Pariwisata Berkelanjutan
Agar pariwisata dapat dikatakan berkelanjutan, pengelolaannya harus memenuhi beberapa syarat: sesuai dengan daya dukung lingkungan, menjaga keseimbangan flora dan fauna, serta menjamin kebersihan alam demi memberikan pengalaman wisata yang maksimal bagi pengunjung. Keterlibatan masyarakat, misalnya melalui organisasi masyarakat (ormas), juga tetap menjadi kunci dalam proses pengembangan ini.
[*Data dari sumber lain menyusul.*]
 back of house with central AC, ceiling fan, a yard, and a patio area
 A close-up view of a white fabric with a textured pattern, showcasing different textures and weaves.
Revisi Undang-Undang (UU) Kepariwisataan kini memiliki 17 bab yang sifatnya masih umum. Rencananya, revisi UU ini akan menjadi dasar pertimbangan untuk penerbitan Keputusan Menteri (Kepmen). Selanjutnya, poin-poin dalam revisi UU tersebut akan dijabarkan lebih lanjut menjadi 12 Peraturan Presiden (Perpres) agar implementasinya lebih mudah dilakukan hingga ke tingkat daerah.
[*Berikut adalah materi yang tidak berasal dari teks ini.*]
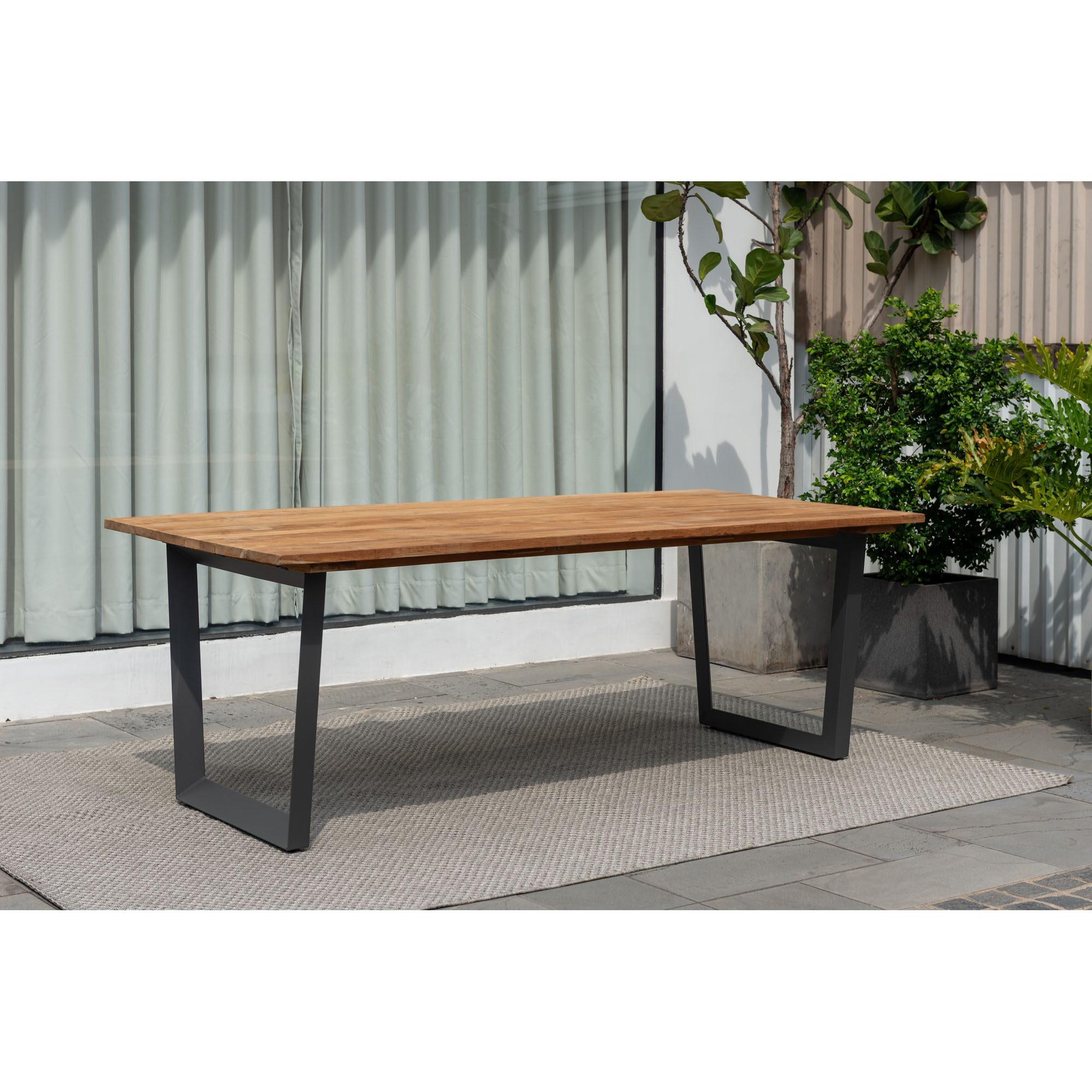 Langer Gartentisch aus Holz mit schwarzem Metallgestell, auf Terrasse mit Pflanzen und Teppich dekorativ platziert.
Pariwisata untuk meningkatkan Devisa
Melalui pengelolaan pariwisata yang berlandaskan alam dan komunitas lokal, wisatawan diharapkan mendapatkan pengalaman yang sesuai dengan ekspektasi mereka. Dengan pengalaman yang dapat disesuaikan (customize), pengunjung akan merasa lebih nyaman dan betah, sehingga mereka tidak ragu untuk kembali lagi demi mendapatkan pelayanan terbaik.
“Sasarannya bukan jumlah tapi lama tinggal atau length of stay tiap pengunjung. Dengan masa tinggal yang lama misal 1-2 bulan, maka spending money jadi lebih banyak. Artinya, penerimaan dari sektor pariwisata bisa terus naik,” kata Prof Azril.
Peningkatan penerimaan bisa terjadi mulai dari tatanan pusat, daerah, dan dirasakan masyarakat langsung. Hasilnya pariwisata Indonesia bisa terus berkembang, bukan dari aspek kedatangan jumlah turis tapi kontribusi yang diberikan pada perekonomian negara dan daerah.